Editor’s Note: There is no serious work in ITU-R on 5G satellite networks as we’ve previously detailed. The real SatCom air interface specifications work is being done by 3GPP, under the umbrella term of NTN (Non-terrestrial Networks), in Release 17 and the forthcoming Release 18.
ITU-R WP5D is responsible for terrestrial IMT radio interfaces (IMT-2000, IMT-Advanced and IMT-2020/M.2150 as well as IMT for 2030 and Beyond), so it won’t be involved in standardizing radio interfaces satellite networks.
ITU-R Working Party 4B (WP 4B) is responsible for recommendations related to: Systems, air interfaces, performance and availability objectives for FSS, BSS and MSS, including IP-based applications and satellite news gathering.
The market research firm urges network operators to sign partnerships with SNOs (Satellite Network Operators) which will enable operators to launch monetizable satellite-based 5G services to their subscribers. SNOs possess capabilities to launch next-generation satellite hardware into space, as well as being responsible for the operation and management of the resulting networks.

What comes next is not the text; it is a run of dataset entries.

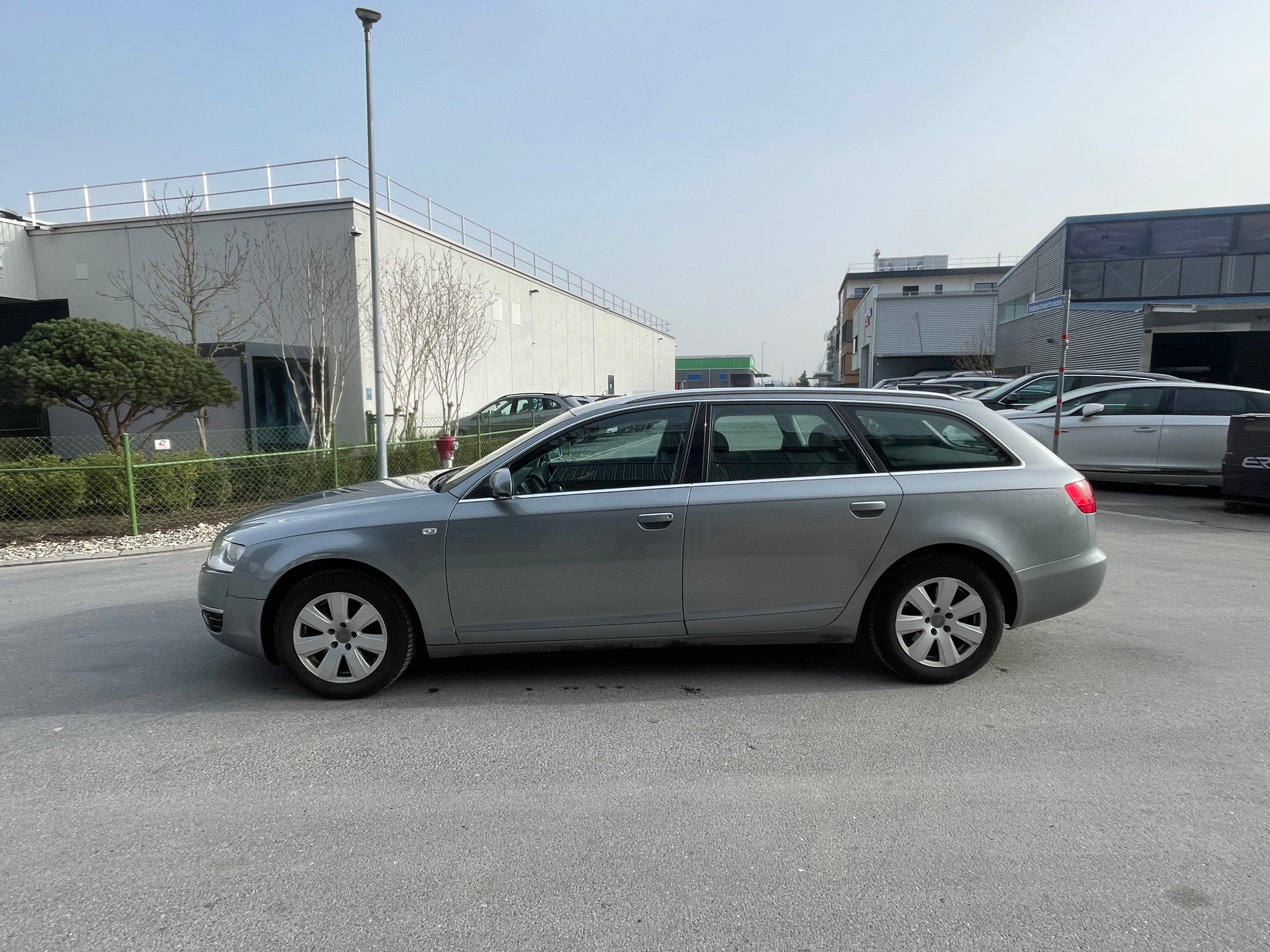 AUDI A6 Avant 3.0 V6 TDI quattro-image-6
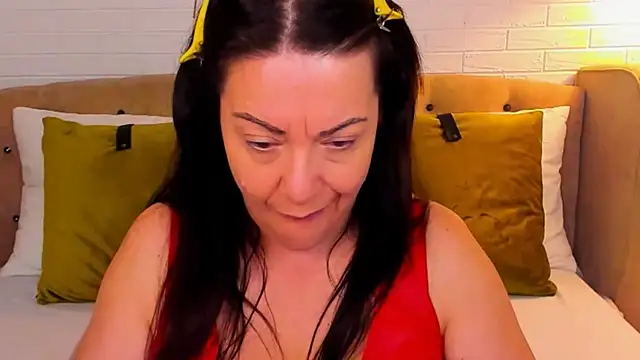 SarahGrays online show from September 24, 8:45 pm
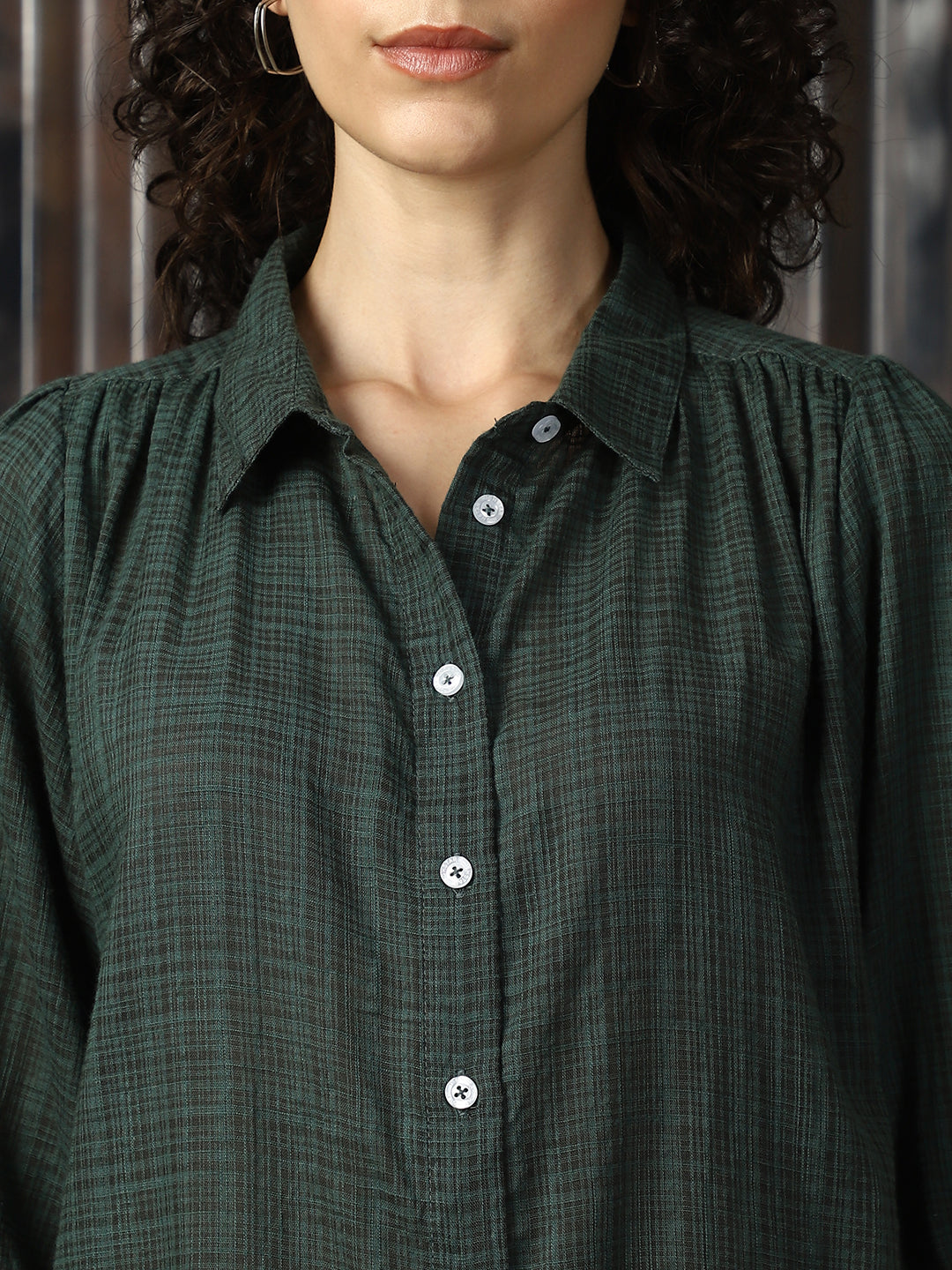 High Star Women Relaxed Tartan Checks Opaque Casual Shirt
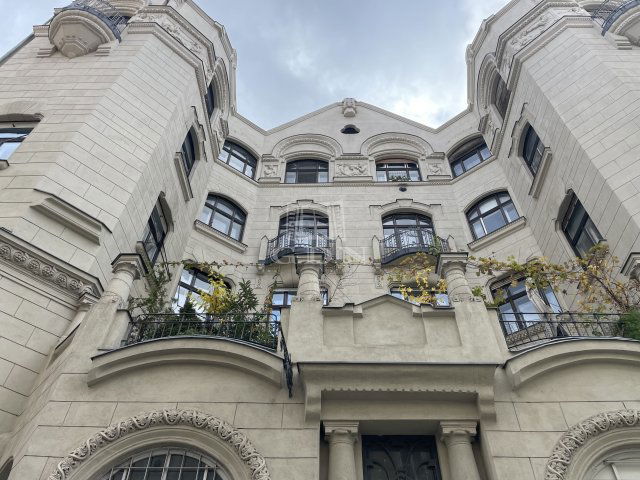 Eladó téglalakás, Budapesten, VI. kerületben 169 M Ft, 5 szobás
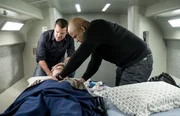 Nachdem ein Ingenieur, der an einer neuen Lenkrakete gearbeitet hat, ermordet aufgefunden wurde, müssen Sam (LL Cool J, r.) und Callen (Chris O'Donnell, l.) ermitteln, um den Mörder zu fassen ... Nachdem ein Ingenieur, der an einer neuen Lenkrakete gearbeitet hat, ermordet aufgefunden wurde, müssen Sam (LL Cool J, r.) und Callen (Chris O'Donnell, l.) ermitteln, um den Mörder zu fassen ...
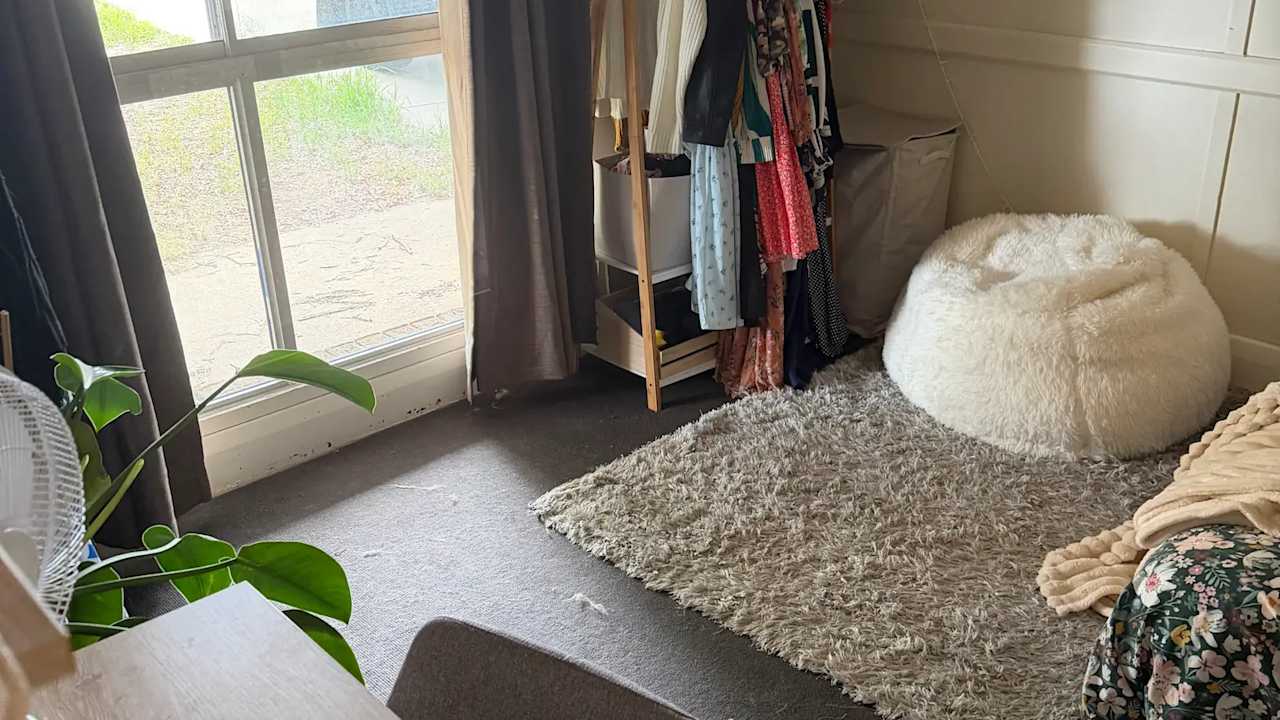 Unfurnished room in a share house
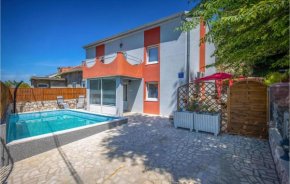 Stunning Home In Krizisce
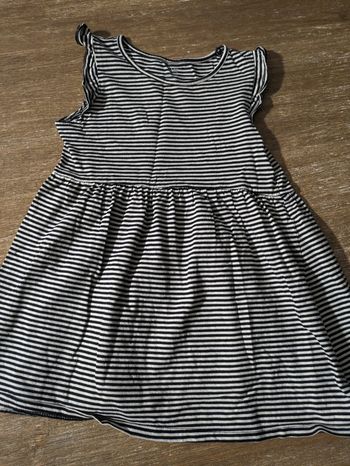 Robe marinière noir blanche 4 - 6 ans h&m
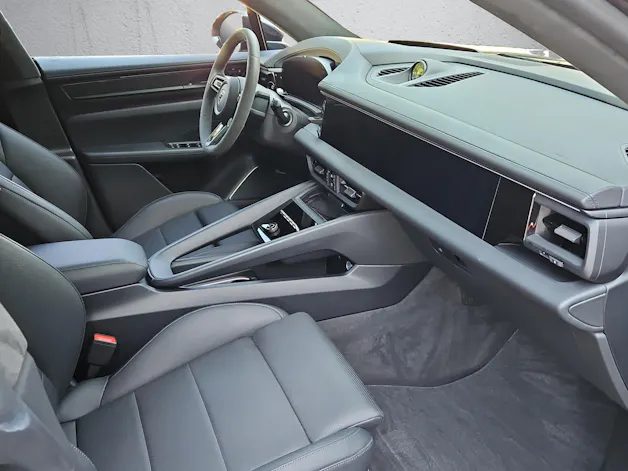 Porsche Macan Turbo 100kWh - 518km WLTP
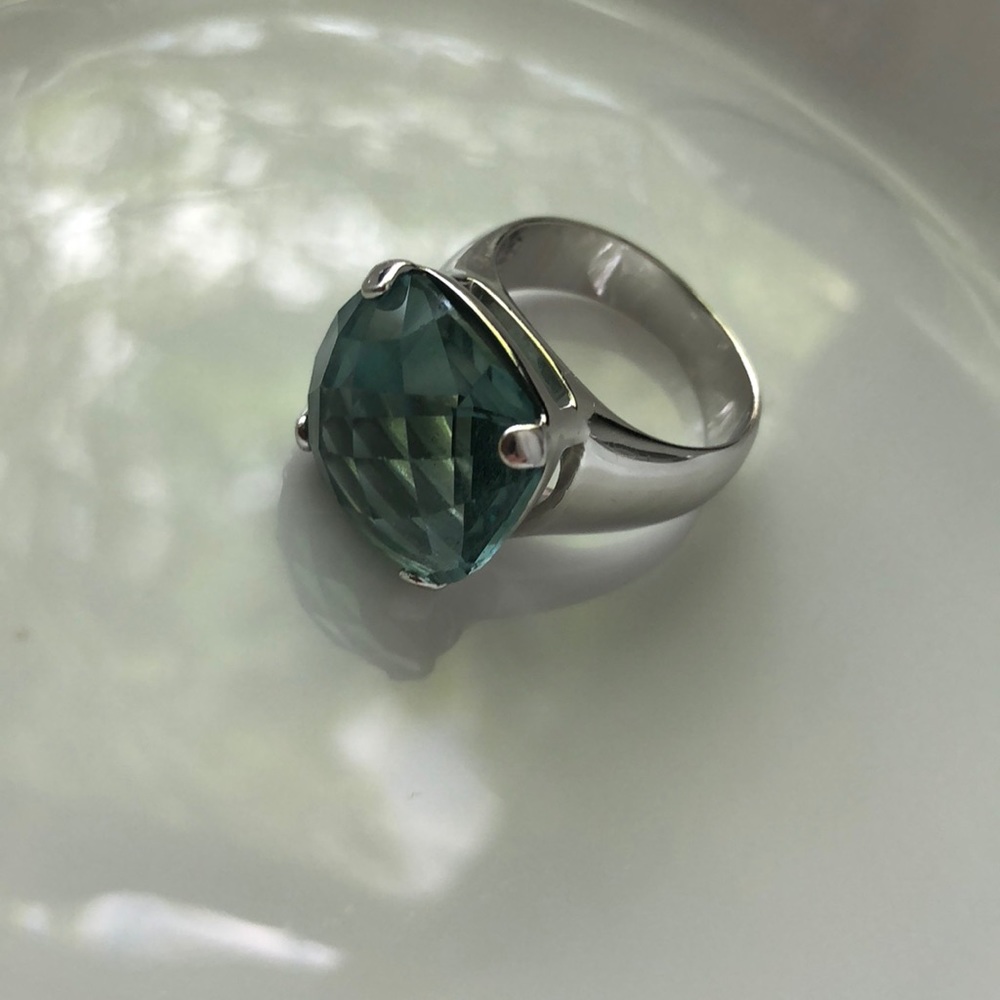 Swarovski Cocktail Ring - Picture 2 of 2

The new report, Global 5G Satellite Networks Market 2023-2030 offers the most reliable source of data for the market.
Operators Hold the Key Billing Relationship:
The research predicts the first commercial launch of a 5G satellite network will occur in 2024, with over 110 million 3GPP‑compliant 5G satellite connections in operation by 2030. To capitalise on this growth, the research urges operators to prioritise immediate partnerships with SNOs that can launch GSO (Geostationary Orbit) satellites. These satellites follow the rotation of the earth to always be located above the country that the operator serves; providing consistent connectivity.
Additionally, operators must leverage their pre-existing billing relationship with mobile subscribers and enterprises as a platform to grow 5G satellite connectivity revenue over the next seven years. The report anticipates this existing billing relationship will enable operators to rapidly drive the adoption of satellite connectivity by integrating satellite services into existing terrestrial networks.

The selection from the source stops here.